Items from a data source:
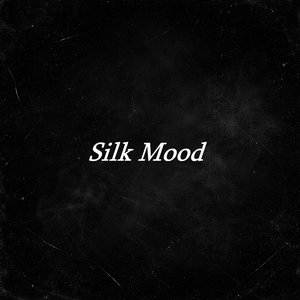 Silk Mood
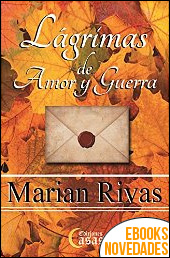 Descargar libro Lágrimas de amor y guerra de Marian Rivas Lágrimas de amor y guerra de Marian Rivas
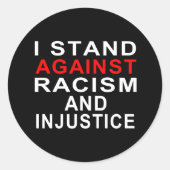 IK STAND TEGEN RACISME EN ONRECHTVAARDIGHEID RONDE STICKER (Voorkant)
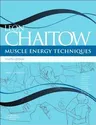 Muscle Energy Techniques: With Access to Www.Chaitowmuscleenergytechniques.com (Revised)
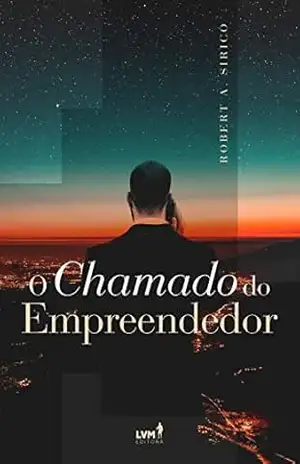 O chamado do empreendedor - Robert A. Sirico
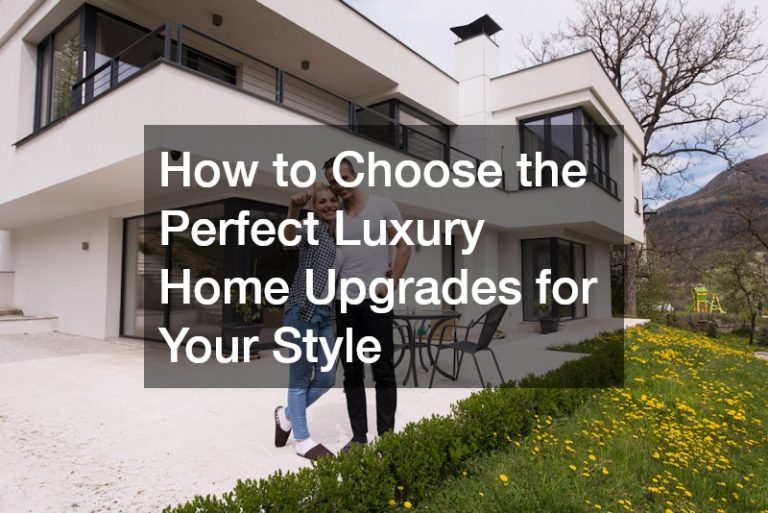 How to Choose the Perfect Luxury Home Upgrades for Your Style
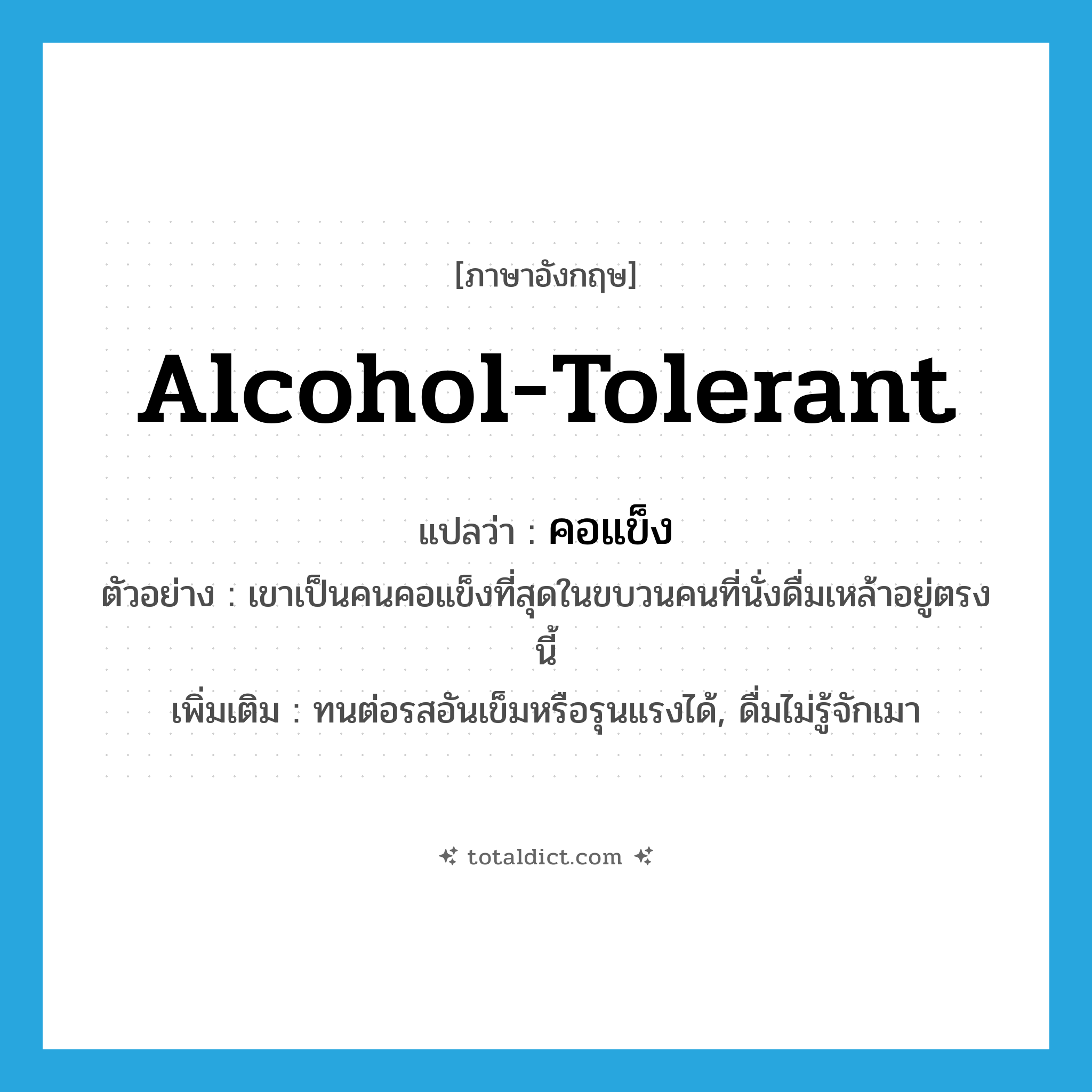 alcohol-tolerant แปลว่า?, คำศัพท์ภาษาอังกฤษ alcohol-tolerant แปลว่า คอแข็ง ประเภท ADJ ตัวอย่าง เขาเป็นคนคอแข็งที่สุดในขบวนคนที่นั่งดื่มเหล้าอยู่ตรงนี้ เพิ่มเติม ทนต่อรสอันเข็มหรือรุนแรงได้, ดื่มไม่รู้จักเมา หมวด ADJ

EXERCISE REQUIREMENTS —
Leave out the pictures and copy exactly the lines from the one with "IK STAND TEGEN" through the last line of the records above.

EXERCISE RESULT —
 IK STAND TEGEN RACISME EN ONRECHTVAARDIGHEID RONDE STICKER (Voorkant)
 Muscle Energy Techniques: With Access to Www.Chaitowmuscleenergytechniques.com (Revised)
 O chamado do empreendedor - Robert A. Sirico
 How to Choose the Perfect Luxury Home Upgrades for Your Style
 alcohol-tolerant แปลว่า?, คำศัพท์ภาษาอังกฤษ alcohol-tolerant แปลว่า คอแข็ง ประเภท ADJ ตัวอย่าง เขาเป็นคนคอแข็งที่สุดในขบวนคนที่นั่งดื่มเหล้าอยู่ตรงนี้ เพิ่มเติม ทนต่อรสอันเข็มหรือรุนแรงได้, ดื่มไม่รู้จักเมา หมวด ADJ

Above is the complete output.